Open
Description
I'm not sure if this is the right place for this proposal, but I would like to suggest some very useful commands to speed up cryptography and especially cryptographic and non-cryptographic hashing.
What are the instructions being proposed?

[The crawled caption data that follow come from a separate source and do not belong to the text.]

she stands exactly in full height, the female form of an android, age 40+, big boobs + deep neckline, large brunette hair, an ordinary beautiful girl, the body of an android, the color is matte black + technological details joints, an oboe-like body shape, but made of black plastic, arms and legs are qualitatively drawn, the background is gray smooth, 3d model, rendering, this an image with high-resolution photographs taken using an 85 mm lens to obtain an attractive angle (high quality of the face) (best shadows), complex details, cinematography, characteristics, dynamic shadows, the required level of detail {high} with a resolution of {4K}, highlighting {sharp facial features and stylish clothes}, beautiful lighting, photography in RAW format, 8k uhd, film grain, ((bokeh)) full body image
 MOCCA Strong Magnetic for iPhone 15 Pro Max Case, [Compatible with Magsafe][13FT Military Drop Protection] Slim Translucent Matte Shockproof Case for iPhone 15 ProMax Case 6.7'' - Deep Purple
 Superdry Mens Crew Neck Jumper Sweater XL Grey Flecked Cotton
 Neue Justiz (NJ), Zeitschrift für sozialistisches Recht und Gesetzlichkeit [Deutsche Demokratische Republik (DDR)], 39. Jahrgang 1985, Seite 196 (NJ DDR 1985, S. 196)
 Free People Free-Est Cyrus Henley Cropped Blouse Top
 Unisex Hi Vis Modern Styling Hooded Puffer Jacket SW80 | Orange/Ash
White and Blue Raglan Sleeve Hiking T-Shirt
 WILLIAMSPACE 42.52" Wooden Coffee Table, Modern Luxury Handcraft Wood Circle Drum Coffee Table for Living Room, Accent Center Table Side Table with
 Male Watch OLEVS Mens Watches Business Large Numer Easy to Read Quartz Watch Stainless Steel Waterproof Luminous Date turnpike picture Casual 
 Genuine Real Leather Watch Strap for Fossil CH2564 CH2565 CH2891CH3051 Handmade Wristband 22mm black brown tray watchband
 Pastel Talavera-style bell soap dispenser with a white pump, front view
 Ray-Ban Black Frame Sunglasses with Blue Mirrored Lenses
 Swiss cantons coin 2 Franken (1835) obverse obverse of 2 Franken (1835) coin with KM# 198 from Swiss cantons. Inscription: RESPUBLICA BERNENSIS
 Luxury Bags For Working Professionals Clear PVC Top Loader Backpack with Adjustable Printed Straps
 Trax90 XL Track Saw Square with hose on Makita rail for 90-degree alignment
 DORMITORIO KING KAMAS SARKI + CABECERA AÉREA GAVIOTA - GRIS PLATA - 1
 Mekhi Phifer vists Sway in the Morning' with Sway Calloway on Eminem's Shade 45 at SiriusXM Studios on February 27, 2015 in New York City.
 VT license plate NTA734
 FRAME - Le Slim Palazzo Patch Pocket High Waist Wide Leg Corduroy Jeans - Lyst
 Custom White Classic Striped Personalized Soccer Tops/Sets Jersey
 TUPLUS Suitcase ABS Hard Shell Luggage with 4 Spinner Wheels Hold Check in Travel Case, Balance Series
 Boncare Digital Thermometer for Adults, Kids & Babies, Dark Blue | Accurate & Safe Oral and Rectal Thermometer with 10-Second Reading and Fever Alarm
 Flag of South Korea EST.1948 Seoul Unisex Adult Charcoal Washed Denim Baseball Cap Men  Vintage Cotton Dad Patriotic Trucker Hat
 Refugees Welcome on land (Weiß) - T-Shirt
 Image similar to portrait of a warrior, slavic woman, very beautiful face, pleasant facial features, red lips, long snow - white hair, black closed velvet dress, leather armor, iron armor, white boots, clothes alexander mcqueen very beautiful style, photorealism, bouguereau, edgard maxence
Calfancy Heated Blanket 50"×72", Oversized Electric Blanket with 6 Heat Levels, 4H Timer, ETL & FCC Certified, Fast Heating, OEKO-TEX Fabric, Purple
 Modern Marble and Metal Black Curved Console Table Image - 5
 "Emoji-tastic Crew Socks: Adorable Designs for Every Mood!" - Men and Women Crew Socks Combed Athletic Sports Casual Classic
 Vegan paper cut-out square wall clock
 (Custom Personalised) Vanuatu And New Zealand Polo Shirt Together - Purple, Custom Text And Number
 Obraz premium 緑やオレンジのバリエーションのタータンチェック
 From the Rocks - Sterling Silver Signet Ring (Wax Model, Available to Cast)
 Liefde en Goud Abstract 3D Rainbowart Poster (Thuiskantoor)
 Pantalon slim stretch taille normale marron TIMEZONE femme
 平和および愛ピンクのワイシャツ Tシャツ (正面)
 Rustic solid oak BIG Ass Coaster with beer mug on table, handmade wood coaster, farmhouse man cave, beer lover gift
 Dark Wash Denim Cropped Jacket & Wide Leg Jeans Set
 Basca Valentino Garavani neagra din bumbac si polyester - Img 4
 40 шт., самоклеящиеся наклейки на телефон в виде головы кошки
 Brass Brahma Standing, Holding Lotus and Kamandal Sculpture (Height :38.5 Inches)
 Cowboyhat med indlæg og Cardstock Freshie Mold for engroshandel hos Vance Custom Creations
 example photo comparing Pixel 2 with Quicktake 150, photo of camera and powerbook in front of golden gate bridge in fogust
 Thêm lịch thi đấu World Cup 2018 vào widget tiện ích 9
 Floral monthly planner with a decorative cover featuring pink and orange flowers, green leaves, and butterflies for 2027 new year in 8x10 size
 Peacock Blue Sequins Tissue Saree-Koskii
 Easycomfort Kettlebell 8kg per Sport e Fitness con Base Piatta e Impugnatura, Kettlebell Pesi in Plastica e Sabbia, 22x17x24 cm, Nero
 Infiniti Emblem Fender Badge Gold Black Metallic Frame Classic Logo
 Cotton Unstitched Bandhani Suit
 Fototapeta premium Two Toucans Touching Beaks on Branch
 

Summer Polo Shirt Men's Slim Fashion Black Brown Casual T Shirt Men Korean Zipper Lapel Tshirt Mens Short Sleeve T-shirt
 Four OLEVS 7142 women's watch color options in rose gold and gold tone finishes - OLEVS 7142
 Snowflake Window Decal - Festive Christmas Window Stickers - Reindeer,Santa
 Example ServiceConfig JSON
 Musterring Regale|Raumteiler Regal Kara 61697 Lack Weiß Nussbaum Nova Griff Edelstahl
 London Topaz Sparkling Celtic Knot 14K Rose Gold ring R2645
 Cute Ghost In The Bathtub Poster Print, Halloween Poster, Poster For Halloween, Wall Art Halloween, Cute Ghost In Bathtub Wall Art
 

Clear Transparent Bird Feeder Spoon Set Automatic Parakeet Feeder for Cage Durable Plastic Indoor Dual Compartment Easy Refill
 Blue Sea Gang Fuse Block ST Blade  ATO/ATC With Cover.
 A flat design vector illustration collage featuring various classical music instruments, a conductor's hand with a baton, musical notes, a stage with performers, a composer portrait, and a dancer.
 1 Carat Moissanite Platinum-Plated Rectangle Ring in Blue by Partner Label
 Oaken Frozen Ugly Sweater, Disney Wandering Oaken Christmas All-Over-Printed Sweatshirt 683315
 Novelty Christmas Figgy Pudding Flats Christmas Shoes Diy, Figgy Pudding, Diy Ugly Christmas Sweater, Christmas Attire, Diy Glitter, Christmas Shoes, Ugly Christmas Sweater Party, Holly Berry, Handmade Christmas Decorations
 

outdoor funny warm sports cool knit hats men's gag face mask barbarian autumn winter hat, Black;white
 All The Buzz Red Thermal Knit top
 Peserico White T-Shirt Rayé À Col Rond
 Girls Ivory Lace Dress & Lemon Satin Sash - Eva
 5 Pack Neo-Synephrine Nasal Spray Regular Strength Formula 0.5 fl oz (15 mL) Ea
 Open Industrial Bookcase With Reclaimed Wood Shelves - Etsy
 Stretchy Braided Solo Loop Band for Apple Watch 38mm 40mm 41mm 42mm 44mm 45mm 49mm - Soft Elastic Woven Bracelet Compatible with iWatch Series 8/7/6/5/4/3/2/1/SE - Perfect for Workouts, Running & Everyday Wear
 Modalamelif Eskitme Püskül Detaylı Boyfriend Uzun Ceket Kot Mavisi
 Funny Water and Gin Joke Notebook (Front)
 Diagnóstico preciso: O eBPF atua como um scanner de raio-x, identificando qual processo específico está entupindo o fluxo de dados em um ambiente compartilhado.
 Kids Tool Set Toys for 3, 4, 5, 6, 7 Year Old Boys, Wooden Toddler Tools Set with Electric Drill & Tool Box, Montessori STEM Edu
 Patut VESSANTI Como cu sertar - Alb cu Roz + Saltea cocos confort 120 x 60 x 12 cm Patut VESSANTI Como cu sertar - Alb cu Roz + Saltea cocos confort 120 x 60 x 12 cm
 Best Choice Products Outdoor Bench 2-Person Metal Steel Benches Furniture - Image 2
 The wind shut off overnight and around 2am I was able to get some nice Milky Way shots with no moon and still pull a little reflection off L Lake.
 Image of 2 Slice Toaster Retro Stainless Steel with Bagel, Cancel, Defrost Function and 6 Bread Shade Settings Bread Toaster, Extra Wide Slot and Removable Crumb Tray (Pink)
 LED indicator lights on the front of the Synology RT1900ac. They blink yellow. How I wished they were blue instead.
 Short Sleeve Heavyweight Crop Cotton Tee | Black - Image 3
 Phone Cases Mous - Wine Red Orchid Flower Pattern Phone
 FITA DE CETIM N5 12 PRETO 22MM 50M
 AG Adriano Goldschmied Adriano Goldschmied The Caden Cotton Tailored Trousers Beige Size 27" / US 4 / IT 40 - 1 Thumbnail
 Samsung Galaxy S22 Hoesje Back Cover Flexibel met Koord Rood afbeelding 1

AES-NI (Advanced Encryption Standard New Instructions) is extended instruction set which accelerate AES encryption / decription.
v128.aes.enc(a, b)
Perform one round of an AES decryption flow
general:
fn aesenc(v128 a, v128 b) {
return MixColumns(ShiftRows(SubBytes(a))) ^ b
}
x86: aesenc
ARM: AESMC + AESE + EOR
PPC: vcipher
v128.aes.enc_last(a, b)
Perform the last round of an AES decryption flow
general:
fn aesenc_last(v128 a, v128 b) {
return ShiftRows(SubBytes(a)) ^ b
}
x86: aesenclast
ARM: AESE + EOR
PPC: vcipherlast
v128.aes.dec(a, b)
Perform one round of an AES decryption flow
general:
fn aesdec(v128 a, v128 b) {
return MixColumnsInv(ShiftRowsInv(SubBytesInv(a))) ^ b
}
x86: aesdec
ARM: AESIMC + AESD + EOR
PPC: vncipher
v128.aes.dec_last(a, b)
Perform the last round of an AES decryption flow
general:
fn aesdec_last(v128 a, v128 b) {
return ShiftRowsInv(SubBytesInv(a)) ^ b
}
x86: aesdeclast
ARM: AESD + EOR
PPC: vncipherlast
v128.aes.keygen(a, imm8)
Generating the round keys used for encryption
general:
fn aeskeygen(v128 a, u8 imm) {
X3[31:0] = a[127:96]
X2[31:0] = a[95:64]
X1[31:0] = a[63:32]
X0[31:0] = a[31:0]
RCON[31:0] = ZeroExtend(imm8)
vDst[31:0] = SubWord(X1)
vDst[63:32] = RotWord(SubWord(X1)) ^ RCON
vDst[95:64] = SubWord(X3)
vDst[127:96] = RotWord(SubWord(X3)) ^ RCON
return vDst
}
x86: aeskeygenassist
ARM: Efficient emulation on ARM (See emulating-x86-aes-intrinsics-on-armv8-a):
__m128i _mm_aeskeygenassist_si128_arm(__m128i a, const int imm8) {
a = vaeseq_u8(a, (__m128i){}); // perform ShiftRows and SubBytes on "a"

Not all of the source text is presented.